ALL. Double, double toil and trouble;
Fire burn, and caldron bubble.
2 WITCH. Fillet of a fenny snake,
In the caldron boil and bake;
Eye of newt, and toe of frog,
Wool of bat, and tongue of dog,
Adder's fork, and blind-worm's sting,
Lizard's leg, and owlet's wing,—
For a charm of powerful trouble,
Like a hell-broth boil and bubble.

-- From Shakespeare's Macbeth

These days, I'm plotting, tossing a lot of ingredients I barely understand into the cauldron of my work in progress. It's an exciting time because almost anything can find its way into the story: aspects of characters I've met in real life, shards I've plucked from gossip or news items, shiny bits of life that have caught my eye and won't let go.

It's a dangerous time, too. With the wrong combination, the whole plot can blow up, showering the story with corrosive gook and melting down my bright hopes for a worthy novel... as well as a completed manuscript before my springtime (gulp) deadline.

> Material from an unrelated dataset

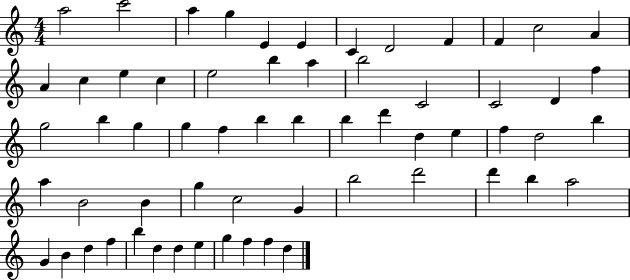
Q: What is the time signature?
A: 4/4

But more often than not, the strange ingredients, no matter how disparate (or desperate) eventually form worthy characters and a cohesive tale. How does it happen? I could tell you it's all due to hard work, time... imagination.

Or I could speak the truth: that's it's a form of magic -- a mystery I've never understood and can't begin to explain.

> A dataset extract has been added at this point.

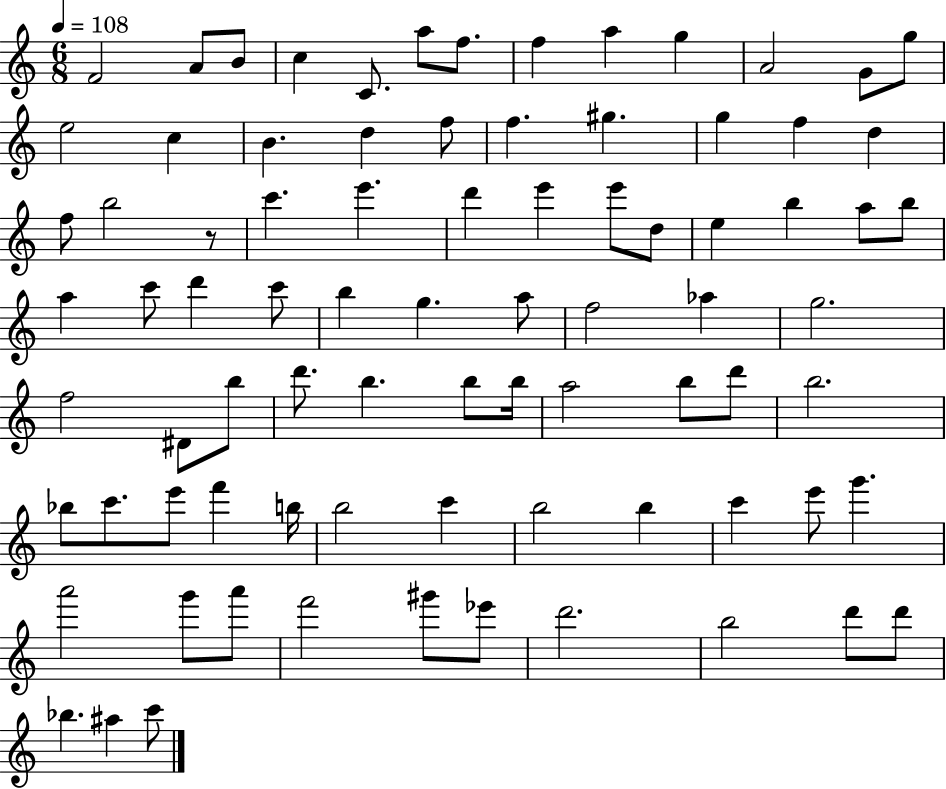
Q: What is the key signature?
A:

So what's your recipe for beginning a new story? Do you dream plots, as does an author friend of mine? (I'm frankly jealous.) Do you start with a simple idea and then embroider upon it? Do you begin with a character? A place? A situation? (I've done each of these, at one point or another.) How do you get started?

And does anybody have an eye of newt to lend me?

4 comments:

Suzan Harden said...

For real creative magic, a local Wiccan high priest suggests peppermint oil.

Break a leg on the new book, Colleen!

DG Holt said...

I suggest sticky notes. Once I have my characters firmly in mind (who they are, what they want, why they can't have it) I start jotting down possible scenes. They may come in order. They may bubble up randomly like your newt's eye in a cauldron.

Once I have a critical mass, I arrange them on a full length mirror. This allows me to spot holes in the story and keeps me from noticing those extra writer pounds that tend to creep on.

Then I use my notes to write my working synopsis. This is strictly for me. And it's more a road map I occasionally consult than a disembodied GPS voice directing my story from on high.

Your work is terrific, Colleen. Can't wait to read your next one!

Colleen Thompson said...

Peppermint oil, hmm? Into the cauldron it goes!

And thanks, DG. I often use sticky notes with key scenes *after* I write the synopsis, but I can see the sense in using them before. I'll give it a try.

Thanks for the kind words, too!

Joni Rodgers said...

I second the stickies. I recently cleared most of one wall in my office and put up six foam-core boards, which has a smooth sticky-notable surface but can also function as a bulletin board with push pins. Two sections are for random reminders, kids photos, and other organizational and motivational flotsam and jetsam. The other four are set up to accommodate Characters, Location Research, Timeline, and Scenework.

I feel very highly evolved when I look at my foam boards. It's a little sad.